After relentless caterwauling from fans for four years, director Zack Snyder is allowed to return to the DCEU once again to offer his original vision (or a very close facsimile) of what he had planned for the “Justice League” and the DCEU. While I don’t miss Snyder and his involvement with the DC movies (the man loves his slow motion), his “Justice League” is, shocking enough, an infinitely superior adaptation than the 2017 Joss Whedon lemon. I wouldn’t call it a masterpiece, but if pushed in to a corner, I’d happily rewatch the “Snyder Cut” again, with warts and all.
When a powerful super villain named Steppenwolf rises and begins wreaking havoc with his army of paraedemons, he travels the globe seeking three mythical devices known as Motherboxes. Assembling the boxes will allow his master, the powerful Darkseid, to enter Earth through a portal and begin a massive invasion. Anxious to stop the inevitable war and redeem himself for his conflict with Superman, Batman assembles a team of super powered heroes to help him stop Steppenwolf once and for all. But as Steppenwolf’s eagerness grows, the team (with the help of Alfred) realizes they may need to resurrect the Man of Steel.

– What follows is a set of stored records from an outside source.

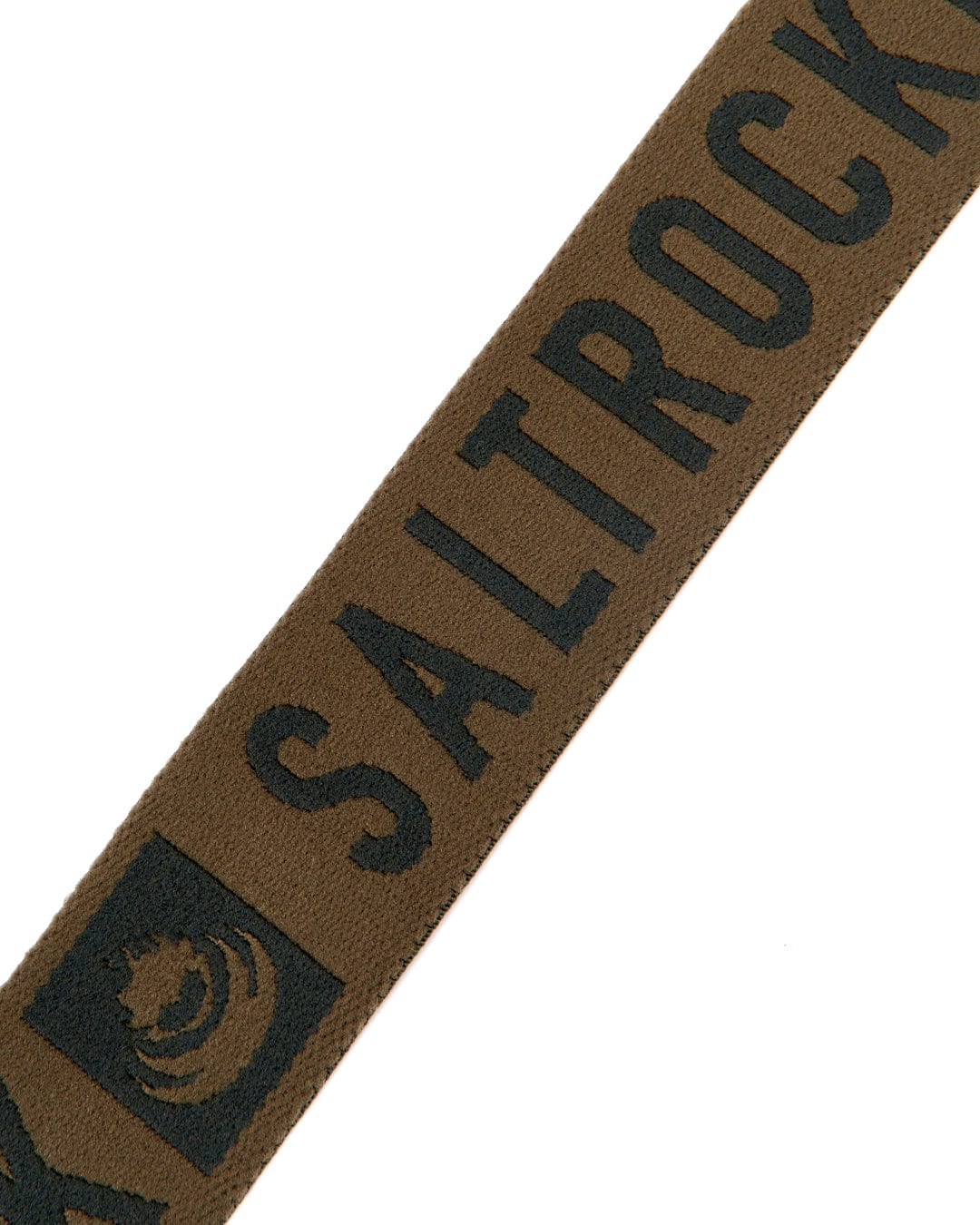 A green stretch belt with embroidered Saltrock branding on it.
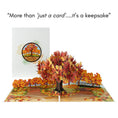 Load image into Gallery viewer, Autumn Leaves Pop Up Card perfect for nature lovers or those with birthdays in autumn months. Close up image of the card open and the card front cover
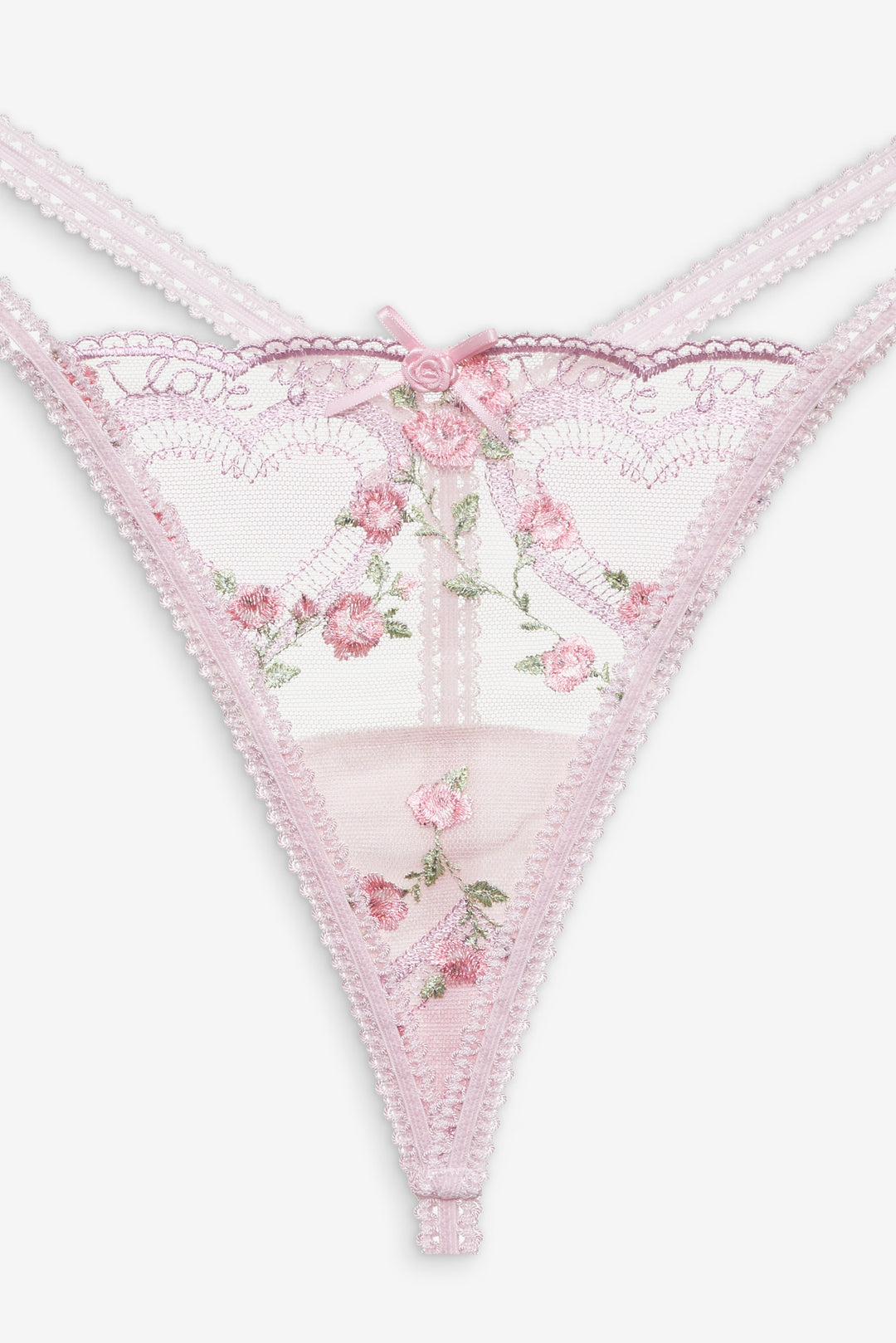 Women Ily Embroidered Thong Panty - Pink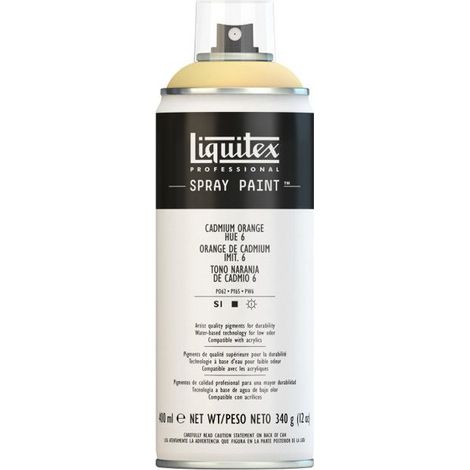 Peinture acrylique aérosol - LIQUITEX - Orange de cadmium N°6 - 400 ml - Finition mate (1/2)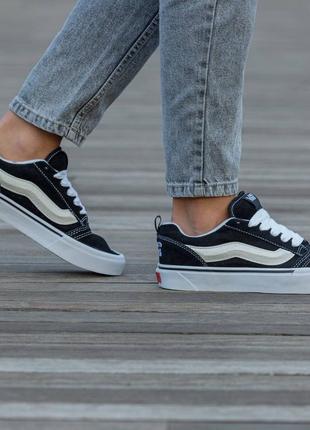 Vans knu skool black white platform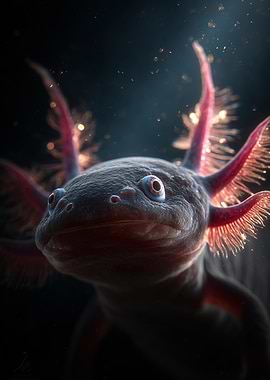 Axolotl Portrait with Gills and Sparkles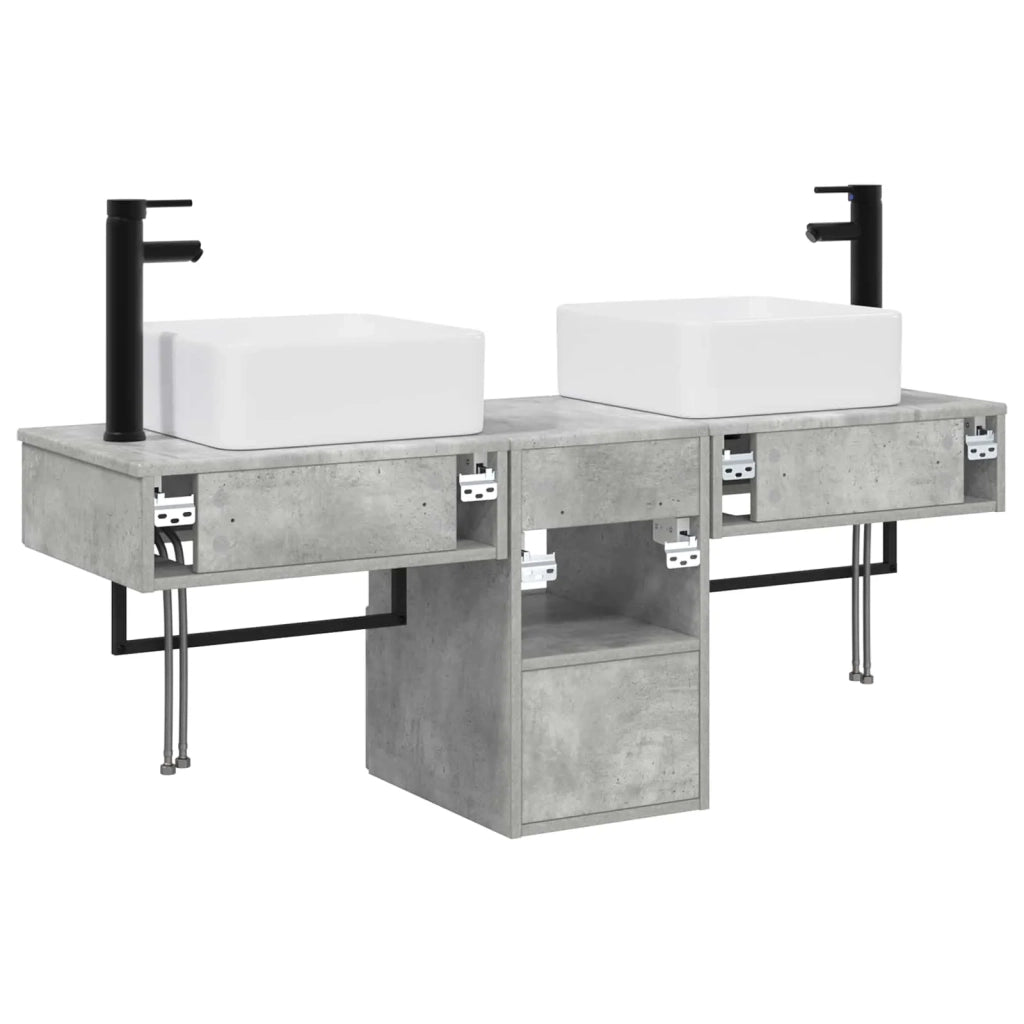 Set di mobili per il bagno 3 pz Grigio Cemento 3405600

What was lacking in the original “Justice League” is still sorely lacking in Snyder’s vision. We still know so little about Snyder’s version of these classic characters, and even with four hours, Snyder paints himself in to a corner. He takes the time to warm us up to these individual superheroes, but at the cost of the film’s momentum and pacing. Sometimes the movie jets like a rocket, and packs a punch; other times you’re wishing they’d just get to the point. Most of Snyder’s Cut involves a lot of set up for spin offs (Enjoy the DCEU’s iterations of The Flash and Cyborg while you can! One is in development hell, and the other’s long been cancelled) and inclusions of scenes he couldn’t do with his future movies, so he crams so much in to a four hour run time, sans an intermission.

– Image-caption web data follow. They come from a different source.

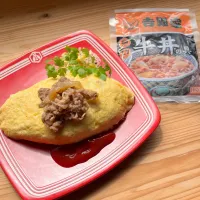 Snapdishの料理写真:吉野家牛丼のやみつきオムライス|楽食亭さん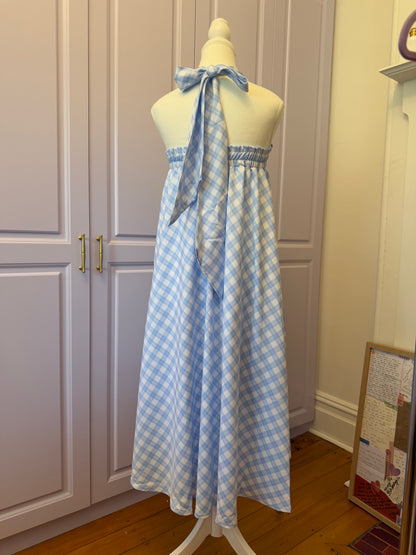 Daisy skirt - Baby Blue Check Cotton x Poly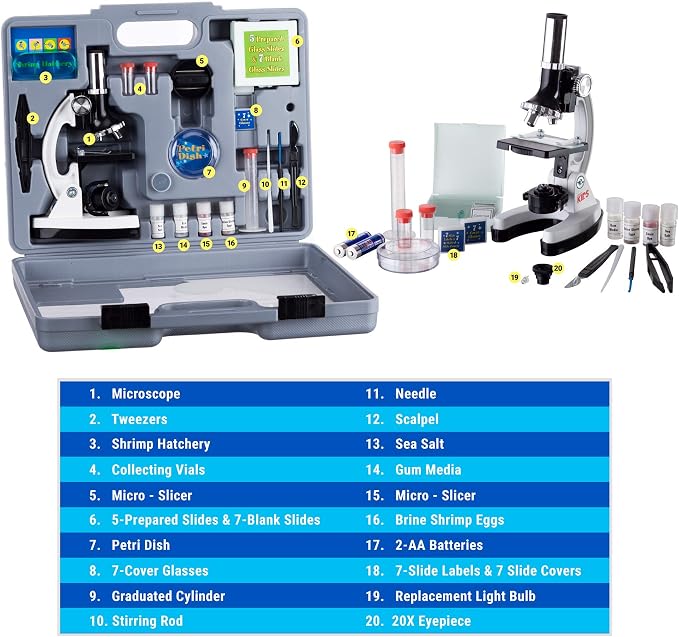 AmScope 1200X 52-pcs Kids Student Beginner Microscope Kit with Slides, LED Light, Storage Box and Book The World of the Microscope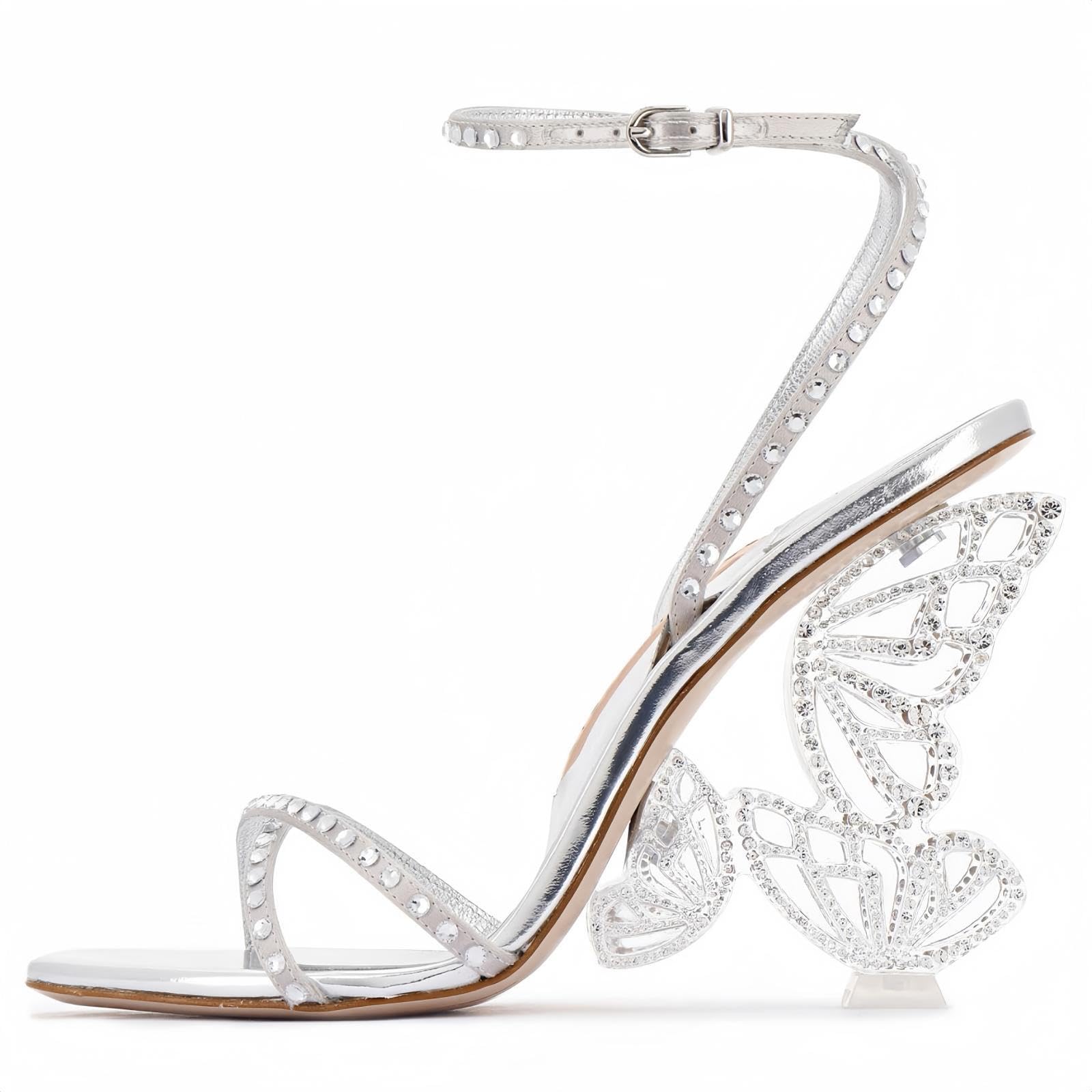 Longwenxuan Glitter Rhinestone Furry Lace Up Butterfly Stilletos Heels Sandals for Women,Women's Open Pointed High Heels Strappy Sandals Adjustable Ankle Strap Buckles Elegant Wedding Sandals Dress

There’s just so much here that works but a lot of fodder that just doesn’t. Whether it’s Barry’s back story, the five epilogues, or the endless back and forth between Mera and Arthur, it’s blatant padding. That said, Snyder’s version of “Justice League” is still a strong superhero epic that shows much more respect for these characters this time around, and he’s much more restrained, focusing less on chaos and more on the mythology. What director Zack Snyder has done is created his own “Justice League” film but by way of J.R.R Tolkien. It garners an epic scale (read: long), and features a slew of mismatched heroes all with their own abilities, tasked with confronting an ancient menace who is seeking a powerful weapon.

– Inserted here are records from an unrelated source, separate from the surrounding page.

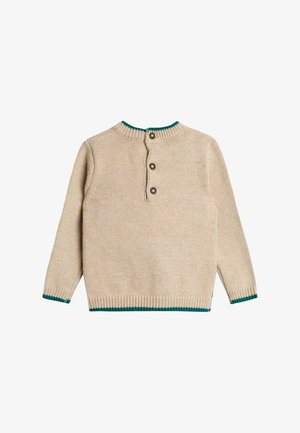 Pull en tricot beige avec col et poignets côtelés verts. Doté d'une fermeture à boutons au dos. Texture douce avec un design simple.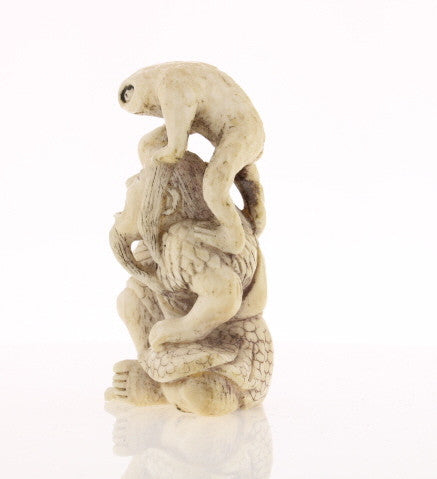 Toad & Owner Ivory Netsuke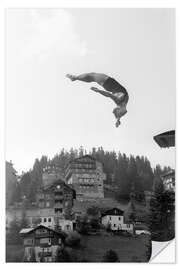 Vinilo para la pared High-diver Ernst Strupler at the Swiss Championships in Arosa, 1947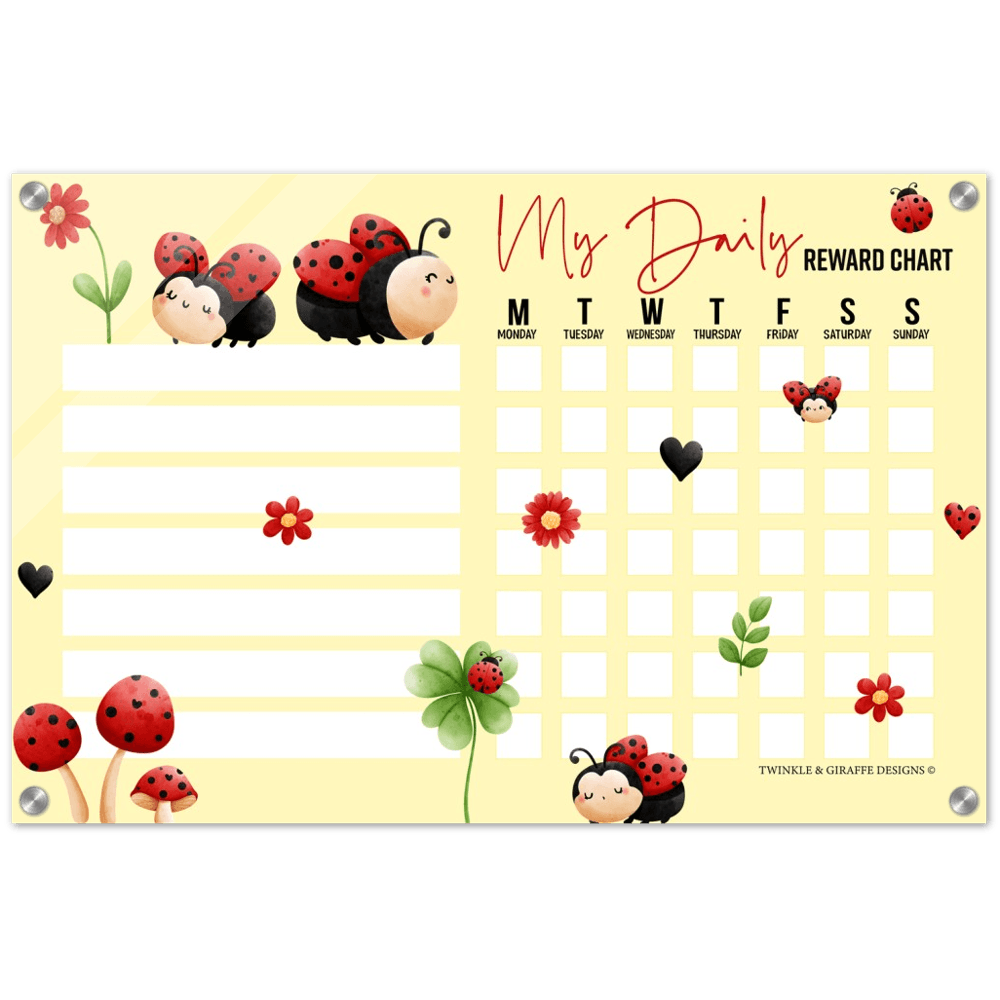 Ladybug Acrylic Reward Chart, Personalized Chore Chart, Acrylic Chore Chart, Kids Responsibility Chat, Dry Erase Chore Chart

That’s not particularly a bad thing, but once you see it, it’s pretty hard to unsee: “The Fellowship of the League.” Once again Snyder crams in a whole trilogy in to four hours and he mostly focuses on what the Whedon Cut was missing. Superman is much more fleshed out, Cyborg is much more emphasized, and bad guy Steppenwolf is vastly improved. Rather than being an over powered thug hitting people a lot, here he’s a complex and imposing monster who will do whatever it takes to show allegiance to the film’s primary antagonist. He’s a solid villain with a clear motivation and I had a great time watching him give our heroes a hard time.
There were times I was entrenched in Steppenwolf’s battles with the heroes, and he proves to be an imposing menace with a clear motivation this time around. The mother boxes are also less maguffin’s this time around and clear cut crucial plot elements that stands between us and the end of the world. Zack Snyder’s “Justice League” is just so much more polished, entertaining, and engrossing, even when it stumbles here and there. As a redo, it’s a huge step up, as a movie on its own merits, it’s a strong cinematic adaptation that I could see re-watching over and over.
Now Streaming Exclusively on HBO Max.